Problem requirements: Pictures aside, copy every record word for word.

━━━━━━━━

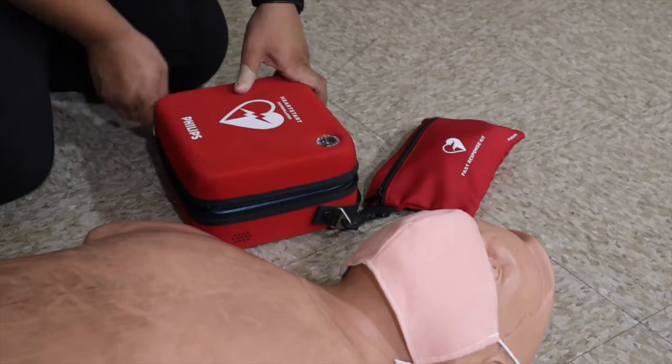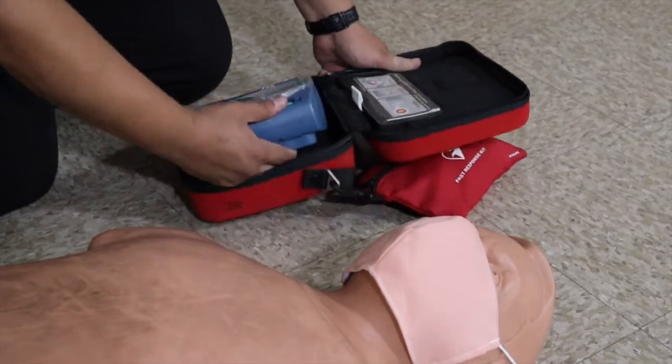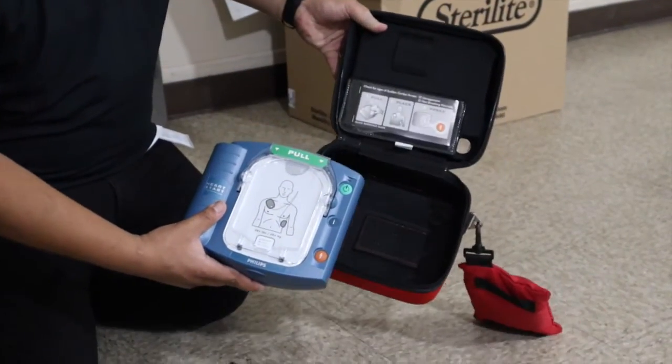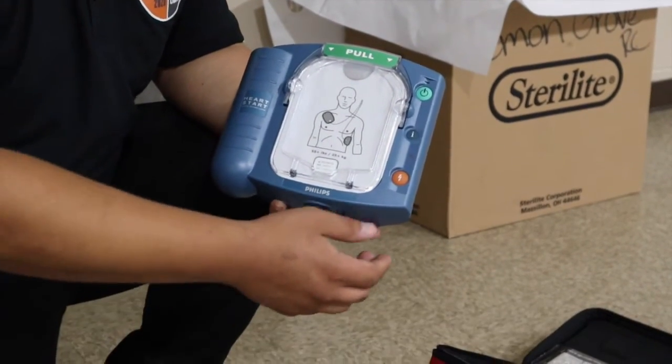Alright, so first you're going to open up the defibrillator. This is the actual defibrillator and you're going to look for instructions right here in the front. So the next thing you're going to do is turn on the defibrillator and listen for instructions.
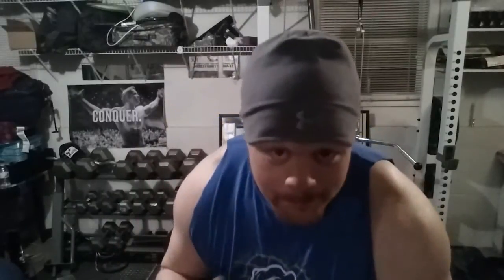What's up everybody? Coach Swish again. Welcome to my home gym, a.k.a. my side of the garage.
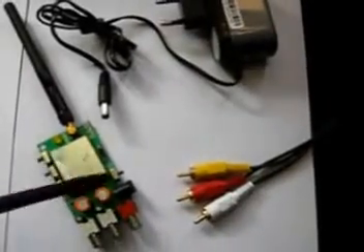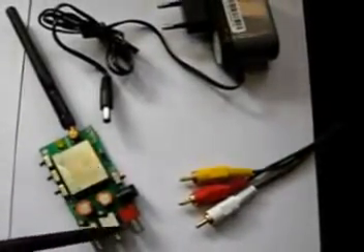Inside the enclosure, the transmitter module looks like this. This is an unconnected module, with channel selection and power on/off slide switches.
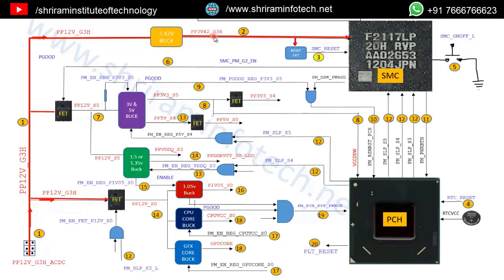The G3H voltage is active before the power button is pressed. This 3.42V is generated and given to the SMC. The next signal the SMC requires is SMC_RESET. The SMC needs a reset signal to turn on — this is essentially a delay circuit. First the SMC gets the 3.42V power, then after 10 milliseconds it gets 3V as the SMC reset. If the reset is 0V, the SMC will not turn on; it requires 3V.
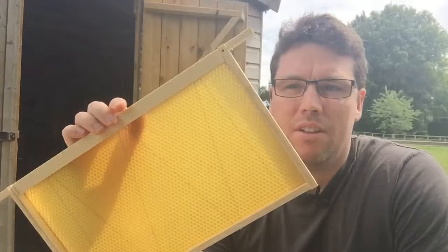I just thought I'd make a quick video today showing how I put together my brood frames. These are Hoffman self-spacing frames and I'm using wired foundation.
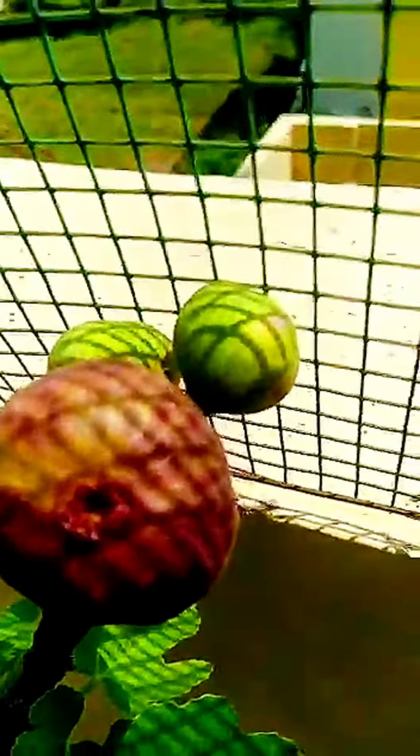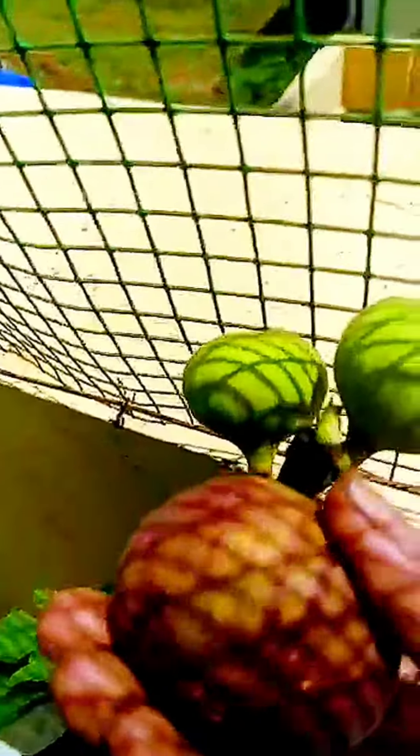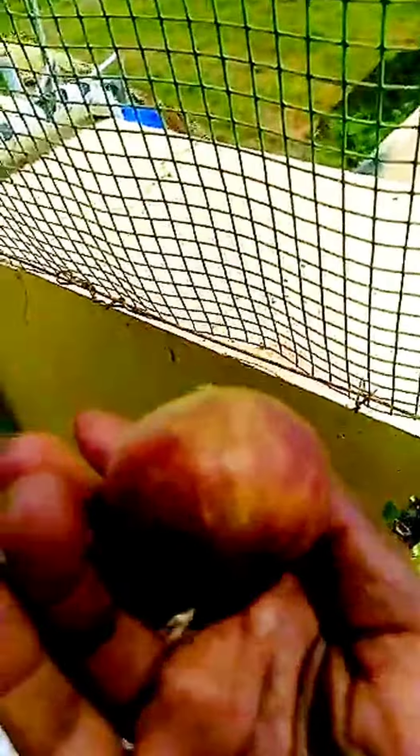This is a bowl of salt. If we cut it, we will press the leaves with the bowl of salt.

━━━━━━━━

Exercise output:
Alright, so first you're going to open up the defibrillator. This is the actual defibrillator and you're going to look for instructions right here in the front. So the next thing you're going to do is turn on the defibrillator and listen for instructions.
What's up everybody? Coach Swish again. Welcome to my home gym, a.k.a. my side of the garage.
Inside the enclosure, the transmitter module looks like this. This is an unconnected module, with channel selection and power on/off slide switches.
The G3H voltage is active before the power button is pressed. This 3.42V is generated and given to the SMC. The next signal the SMC requires is SMC_RESET. The SMC needs a reset signal to turn on — this is essentially a delay circuit. First the SMC gets the 3.42V power, then after 10 milliseconds it gets 3V as the SMC reset. If the reset is 0V, the SMC will not turn on; it requires 3V.
I just thought I'd make a quick video today showing how I put together my brood frames. These are Hoffman self-spacing frames and I'm using wired foundation.
This is a bowl of salt. If we cut it, we will press the leaves with the bowl of salt.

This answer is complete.